Wat men bedoelde met (te) politiek – maar niet hardop zei – was dat het voor het zittende kabinet lastig was dat de politieke samenstelling van Eerste en Tweede Kamer steeds minder overeenkwam. Een situatie die in veel andere, vooral federale, democratische stelsels overigens eerder regel dan uitzondering is, en zeker niet als staatsrechtelijk probleem wordt ervaren. Politiek lastig is het inderdaad wel: een meerderheid, vaak op basis van een regeerakkoord, voor een kabinetsvoorstel in de Tweede Kamer is niet langer een garantie voor een vergelijkbare meerderheid in de Eerste Kamer. Dat leidde destijds tot debat over de wenselijkheid van het tweekamerstelsel en tot een motie daarover. De rest is geschiedenis.
‘Het was lastig voor het kabinet dat de politieke samenstelling van de Eerste en Tweede Kamer steeds minder overeenkwam’
In de probleemverkenning van de staatscommissie is weinig van deze voorgeschiedenis terug te vinden. De commissie – pikant detail: onder voorzitterschap van een andere prominente VVD-er, Johan Remkes – inventariseert in alle rust de staat van onze democratie en de rol daarin van het parlementair stelsel. In een rapport van amper 70 pagina’s kan dat niet anders dan beknopt zijn. Problematisch is dat niet. Integendeel. Het is toe te juichen dat de commissie zich baseert op het vele wetenschappelijk onderzoek dat de afgelopen decennia hiernaar al is verricht. De commissie vermijdt daarmee dubbel werk en onnodig (nieuw) onderzoek.
De probleemverkenning biedt een weloverwogen overzicht van de huidige staat van onze parlementaire democratie, de veranderingen en ontwikkelingen in de afgelopen decennia en de sterke en zwakke punten anno 2017. De verkenning resulteert uiteindelijk in een zestal (hoofd)thema’s, waar de commissie in haar verdere werk in 2017/ 2018 nader op in wil gaan. Thema’s als ‘Volksvertegenwoordiging en representatie’, ‘Functieverlies politieke partijen’ en ‘Weerbare democratie’. Onder die labels gaat dan weer een fors aantal concretere vraagpunten schuil. Dat één van die vraagpunten het ‘bestaansrecht van de Eerste Kamer’ is, zal in het licht van de voorgeschiedenis van de commissie weinig verbazing wekken. Opvallender is dat het thema een weinig prominente plaats krijgt. Het lijkt min of meer weggemoffeld onder het zesde en laatste hoofdthema: ‘Tweekamerstelsel, referendum en constitutionele toets’.

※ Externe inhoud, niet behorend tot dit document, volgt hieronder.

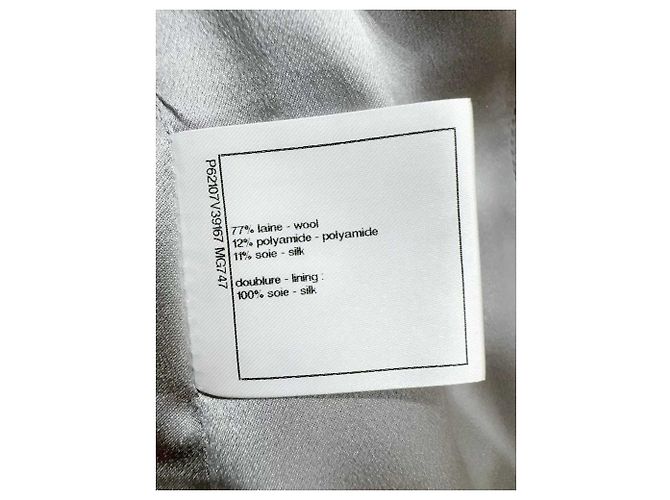 Chanel Wool Coat Multi Color Size 36 Multiple colors - view 4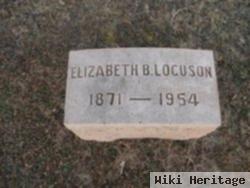 Elizabeth B Atkinson Locuson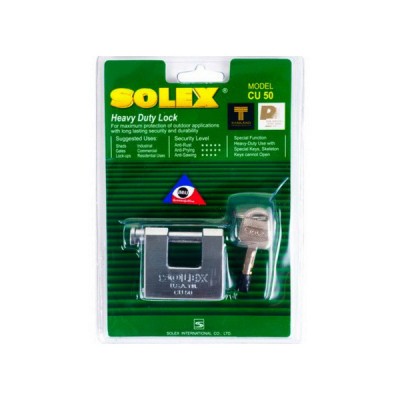 SOLEX Shutter Pad Lock 40mm,50mm- CU40 / CU50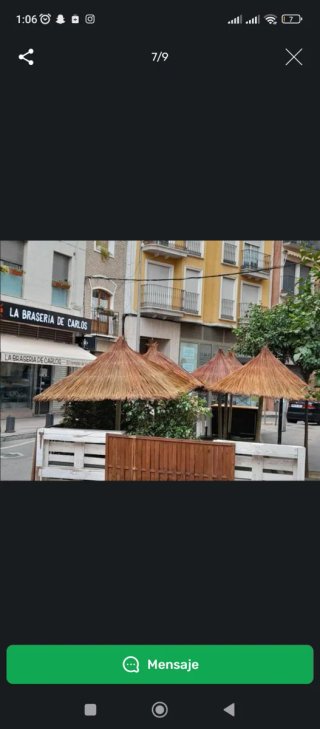 Sombrillas y pérgolas a medida
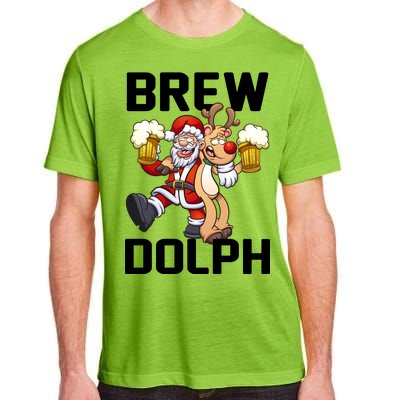 Brew Dolph Red Nose Reindeer Adult ChromaSoft Performance T-Shirt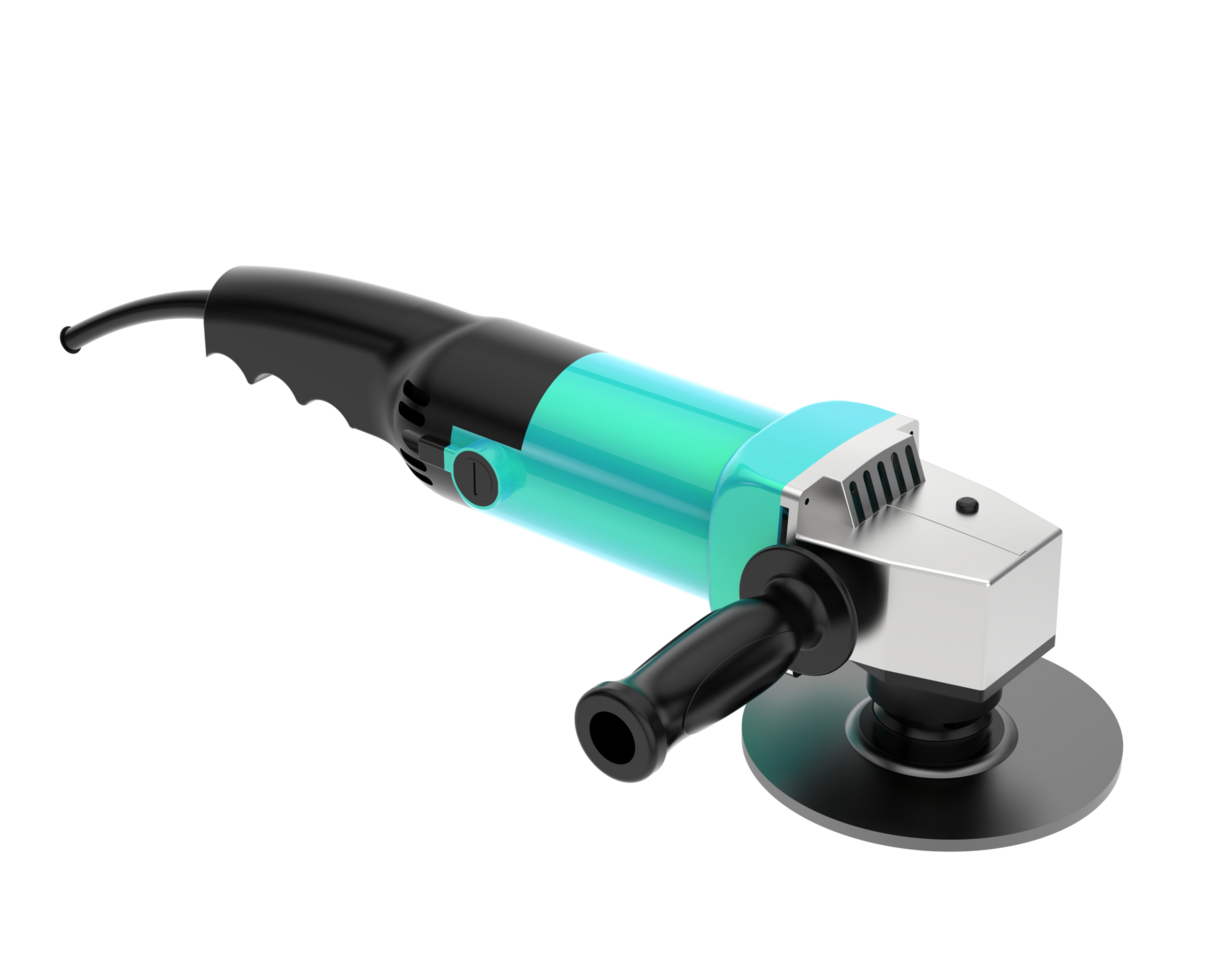 Angle grinder isolated on background. 3d rendering - illustration png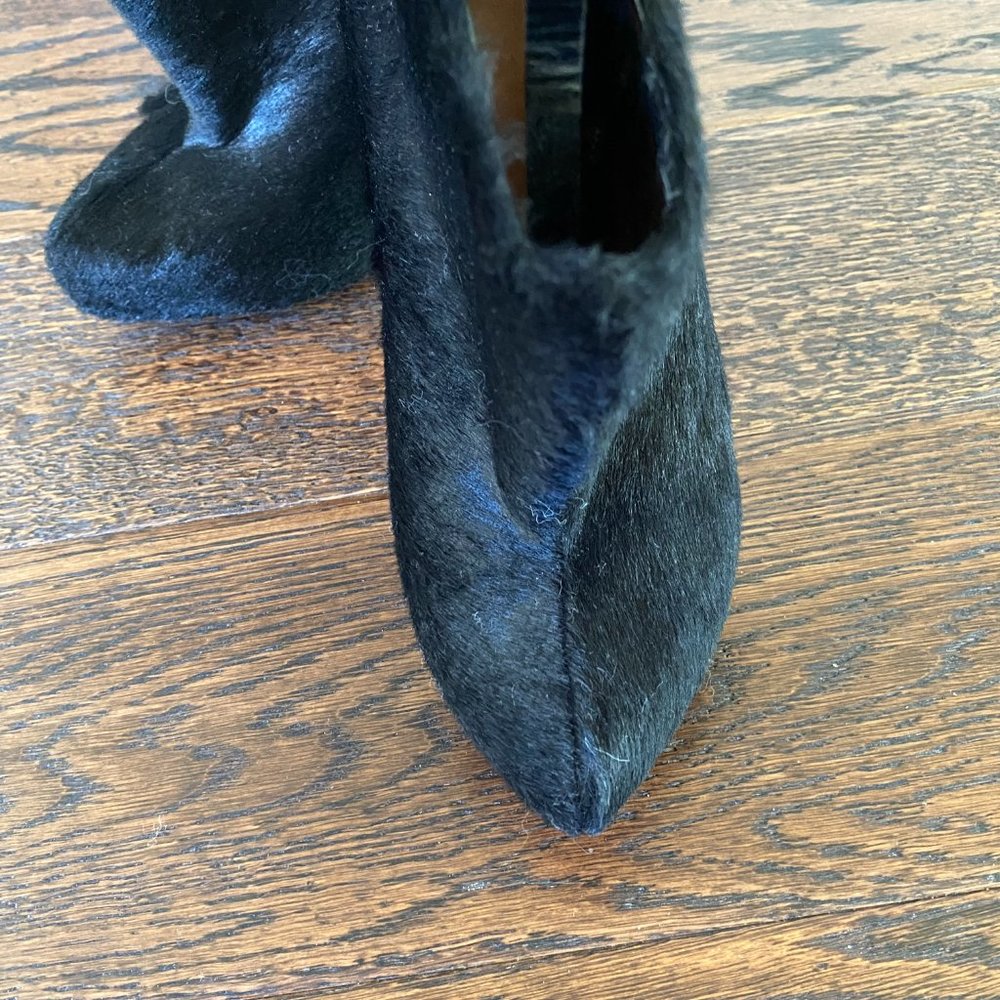 Givenchy Calf Hair Ankle Boots Booties Size 37 - Picture 11 of 12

De conclusie lijkt me duidelijk. Deze staatscommissie wil de eventuele afschaffing van de Eerste Kamer niet centraal stellen. Ze wil problemen in het functioneren van de parlementaire democratie breder aanpakken dan dat. Dat zal tegelijkertijd de kracht en de zwakte van deze commissie kunnen zijn.
‘De staatscommissie wil eventuele afschaffing van de Eerste Kamer niet centraal stellen’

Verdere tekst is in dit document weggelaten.